Alteration in Surgical Technique of Tessier Classification Number 7 Cleft.
- Author:
Yong Chan BAE
1
;
Kyung Dong KANG
;
Kyoung Hoon KIM
Author Information
1. Department of Plastic and Reconstructive Surgery, School of Medicine, Pusan National University, Busan, Korea. baeyc2@hanmail.net
- Publication Type:Original Article
- Keywords:
Tessier classification number 7 cleft;
Transverse cleft;
macrostomia;
Surgical technique
- MeSH:
Branchial Region;
Cicatrix;
Esthetics;
Humans;
Macrostomia;
Medical Records;
Muscles;
Retrospective Studies;
Skin;
Sutures
- From:Journal of the Korean Society of Plastic and Reconstructive Surgeons
2011;38(2):143-147
- CountryRepublic of Korea
- Language:Korean
-
Abstract:
PURPOSE: A Tessier classification number 7 cleft is an uncommon malformation that results from a failure of mesenchymal fusion within the maxillary and mandibular prominences of the 1st pharyngeal arch.
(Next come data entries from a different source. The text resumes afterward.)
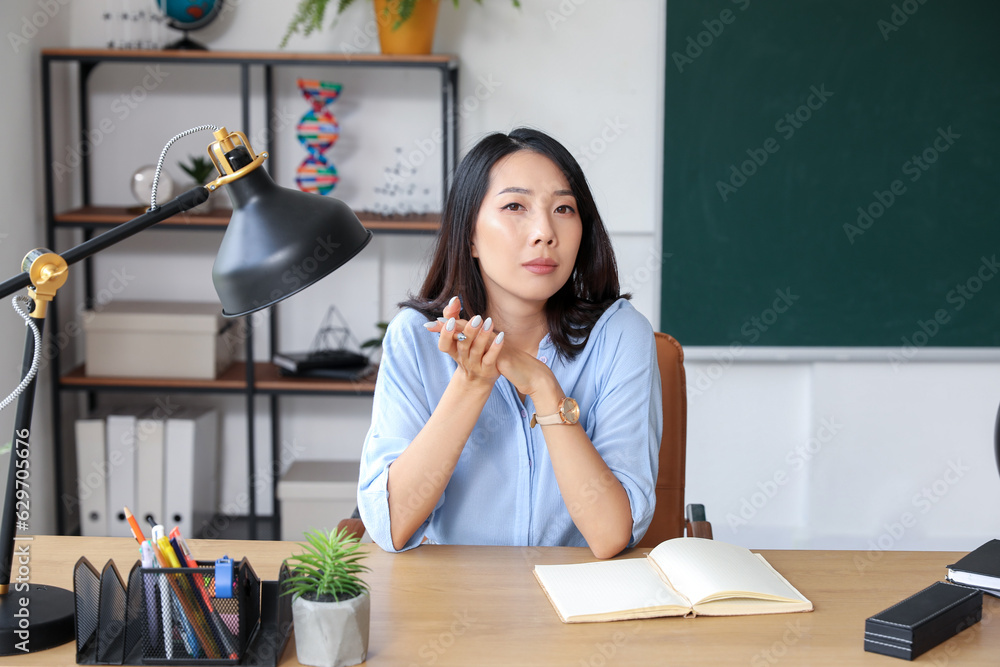 Female Asian teacher sitting at table in classroom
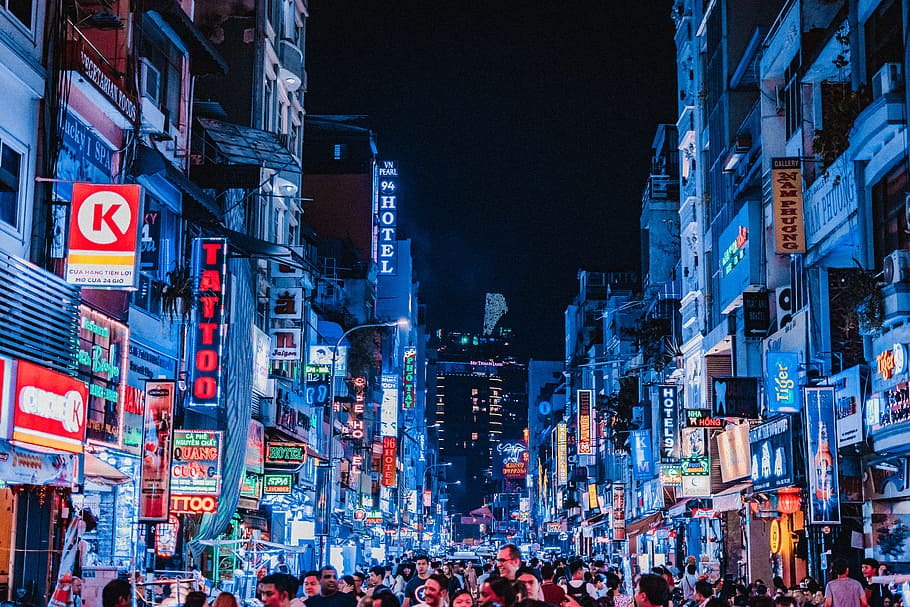 people between city buildings at night, neonlight, nikonphoto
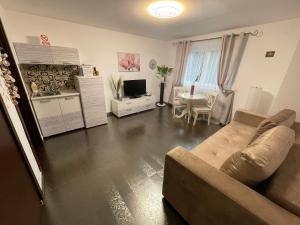 a living room with a couch and a table at Apartament Mihaela in Mamaia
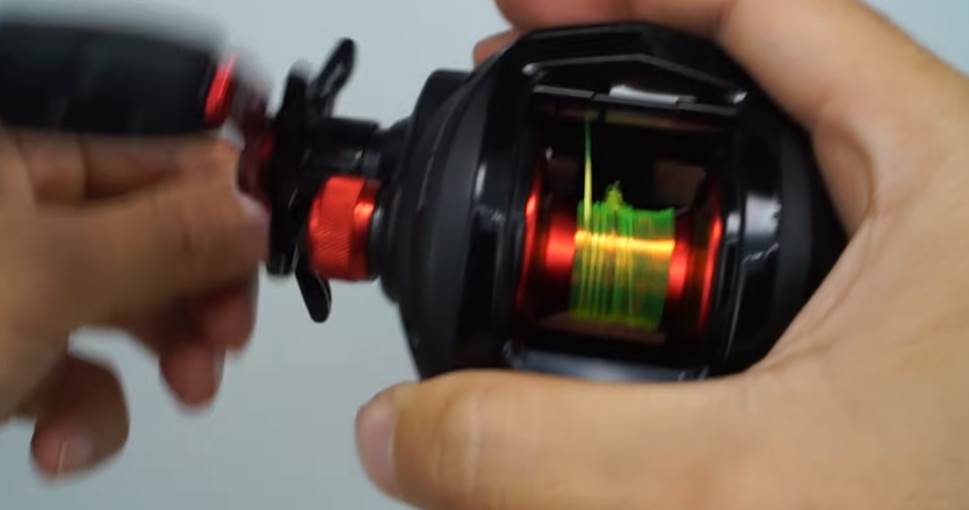 image of spooling a baitcaster reel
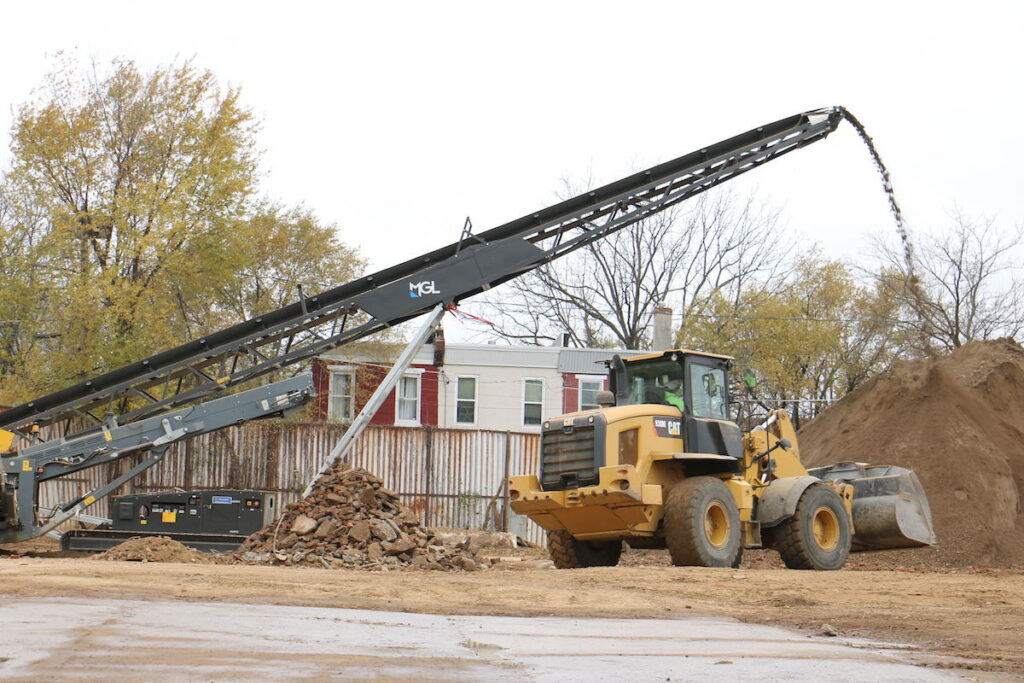 The illegal dump at Seventh and Chestnut streets in Camden is surrounded by houses.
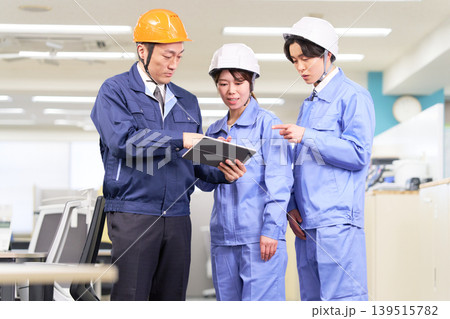 タブレットを見ながら打ち合わせを行う施工管理チーム 139515782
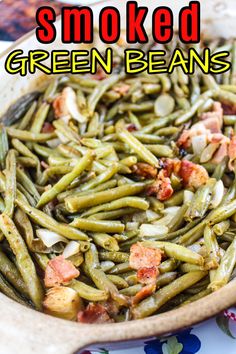 green beans in a bowl with bacon on top and the words smoked green beans above it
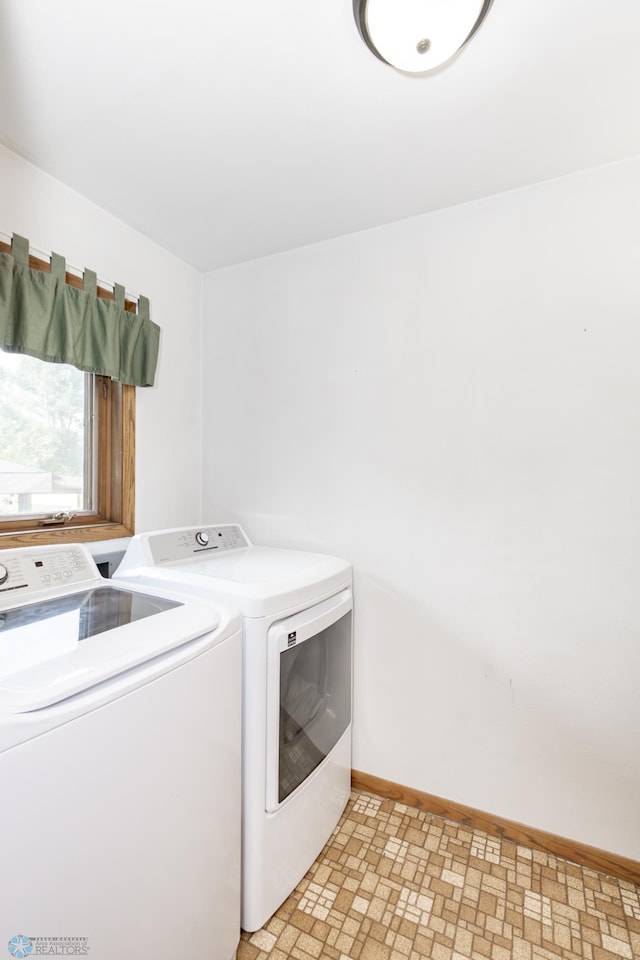 clothes washing area with light tile patterned floors and washing machine and clothes dryer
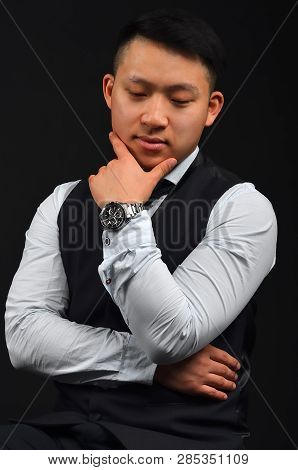 A Thoughtful Young Asian Man Has Put A Hand With A Clock To Face, Looks Down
Many operative techniques of the number 7 cleft repair have been proposed to restore function and improve aesthetics. Fifteen patients underwent repair of a number 7 cleft over 13 years by a modification of the surgical Technique, and an appraisal of the operative outcome is reported herein. METHODS: A retrospective review was conducted involving 15 patients with number 7 clefts who underwent surgery from 1996 to 2009. The changes in surgical technique included skin closure, attachment of the orbicularis oris muscle, and position of the repaired commissure; the changes were analysed with a review of the medical records and the outcomes of surgery were analysed via photographs. Specifically, the technique of skin closure was changed from the a Z-plasty to a linear closure, the orbicularis oris muscle overlapped attachment was replaced by a side-to-side approximation with horizontal mattress sutures, and the position of the repaired commissure was changed from 1mm laterally to 1mm medially in reference to the non-cleft side. RESULTS: A Z-plasty caused additional cutaneous scarring, an overlapped attachment of the orbicularis oris muscle caused a thick oral commissure, and the repaired commissure migrated to the lateral side, so a 1mm, laterally-positioned commissure caused asymmetry. The altered procedure included a linear skin closure, a side-to-side orbicularis oris muscle approximation, and a 1mm, medially-positioned commissure, which together resulted in a good outcome. CONCLUSION: The altered procedure for repair of a number 7 cleft as described herein, yields a short scar, no functional problems with the orbicularis oris muscle, a thin oral commissure, and symmetry of the repaired commissure.